Exercise
In the records below, find the line that contains "Used 2022 Genesis G80 3.5T Sport image 8" and the line that contains "Genesis G80 2025", then retype exactly those two lines and every line between them.
*** Opening of Records for this exercise ***
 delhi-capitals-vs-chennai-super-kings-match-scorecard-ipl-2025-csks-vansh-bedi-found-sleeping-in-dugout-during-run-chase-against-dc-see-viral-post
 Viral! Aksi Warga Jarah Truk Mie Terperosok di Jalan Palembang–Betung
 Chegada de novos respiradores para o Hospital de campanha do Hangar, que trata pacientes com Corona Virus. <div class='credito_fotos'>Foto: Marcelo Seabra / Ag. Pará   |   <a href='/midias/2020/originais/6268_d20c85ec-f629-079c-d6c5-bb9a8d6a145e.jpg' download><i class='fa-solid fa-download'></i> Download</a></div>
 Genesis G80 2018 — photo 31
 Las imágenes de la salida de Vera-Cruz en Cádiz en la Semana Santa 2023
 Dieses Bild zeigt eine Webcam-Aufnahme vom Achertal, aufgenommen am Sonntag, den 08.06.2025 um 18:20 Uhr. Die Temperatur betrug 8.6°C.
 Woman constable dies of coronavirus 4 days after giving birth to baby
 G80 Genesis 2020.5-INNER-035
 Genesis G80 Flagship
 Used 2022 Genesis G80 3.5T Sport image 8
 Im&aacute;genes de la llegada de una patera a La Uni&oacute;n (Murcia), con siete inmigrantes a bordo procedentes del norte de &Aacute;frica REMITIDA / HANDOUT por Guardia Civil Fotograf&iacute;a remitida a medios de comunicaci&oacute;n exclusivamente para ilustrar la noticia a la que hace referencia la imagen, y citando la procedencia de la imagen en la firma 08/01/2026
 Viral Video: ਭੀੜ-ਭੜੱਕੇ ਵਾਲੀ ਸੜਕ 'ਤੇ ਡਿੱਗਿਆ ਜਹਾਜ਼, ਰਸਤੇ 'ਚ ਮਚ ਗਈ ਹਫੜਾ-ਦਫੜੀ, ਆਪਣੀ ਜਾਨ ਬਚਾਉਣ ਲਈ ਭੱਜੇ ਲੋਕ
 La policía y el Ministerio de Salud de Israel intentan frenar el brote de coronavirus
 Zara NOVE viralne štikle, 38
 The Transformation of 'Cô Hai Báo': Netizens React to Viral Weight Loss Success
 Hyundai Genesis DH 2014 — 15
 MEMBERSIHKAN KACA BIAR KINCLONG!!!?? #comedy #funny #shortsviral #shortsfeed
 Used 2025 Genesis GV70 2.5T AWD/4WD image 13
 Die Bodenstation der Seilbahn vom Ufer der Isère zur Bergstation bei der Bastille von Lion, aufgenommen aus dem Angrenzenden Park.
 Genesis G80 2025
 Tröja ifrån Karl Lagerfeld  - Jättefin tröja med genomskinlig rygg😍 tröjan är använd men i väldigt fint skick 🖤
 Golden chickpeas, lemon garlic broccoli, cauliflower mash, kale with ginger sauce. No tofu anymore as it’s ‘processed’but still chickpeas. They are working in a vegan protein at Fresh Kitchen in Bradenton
*** Close of Records for this exercise ***
Exercise result
 Used 2022 Genesis G80 3.5T Sport image 8
 Im&aacute;genes de la llegada de una patera a La Uni&oacute;n (Murcia), con siete inmigrantes a bordo procedentes del norte de &Aacute;frica REMITIDA / HANDOUT por Guardia Civil Fotograf&iacute;a remitida a medios de comunicaci&oacute;n exclusivamente para ilustrar la noticia a la que hace referencia la imagen, y citando la procedencia de la imagen en la firma 08/01/2026
 Viral Video: ਭੀੜ-ਭੜੱਕੇ ਵਾਲੀ ਸੜਕ 'ਤੇ ਡਿੱਗਿਆ ਜਹਾਜ਼, ਰਸਤੇ 'ਚ ਮਚ ਗਈ ਹਫੜਾ-ਦਫੜੀ, ਆਪਣੀ ਜਾਨ ਬਚਾਉਣ ਲਈ ਭੱਜੇ ਲੋਕ
 La policía y el Ministerio de Salud de Israel intentan frenar el brote de coronavirus
 Zara NOVE viralne štikle, 38
 The Transformation of 'Cô Hai Báo': Netizens React to Viral Weight Loss Success
 Hyundai Genesis DH 2014 — 15
 MEMBERSIHKAN KACA BIAR KINCLONG!!!?? #comedy #funny #shortsviral #shortsfeed
 Used 2025 Genesis GV70 2.5T AWD/4WD image 13
 Die Bodenstation der Seilbahn vom Ufer der Isère zur Bergstation bei der Bastille von Lion, aufgenommen aus dem Angrenzenden Park.
 Genesis G80 2025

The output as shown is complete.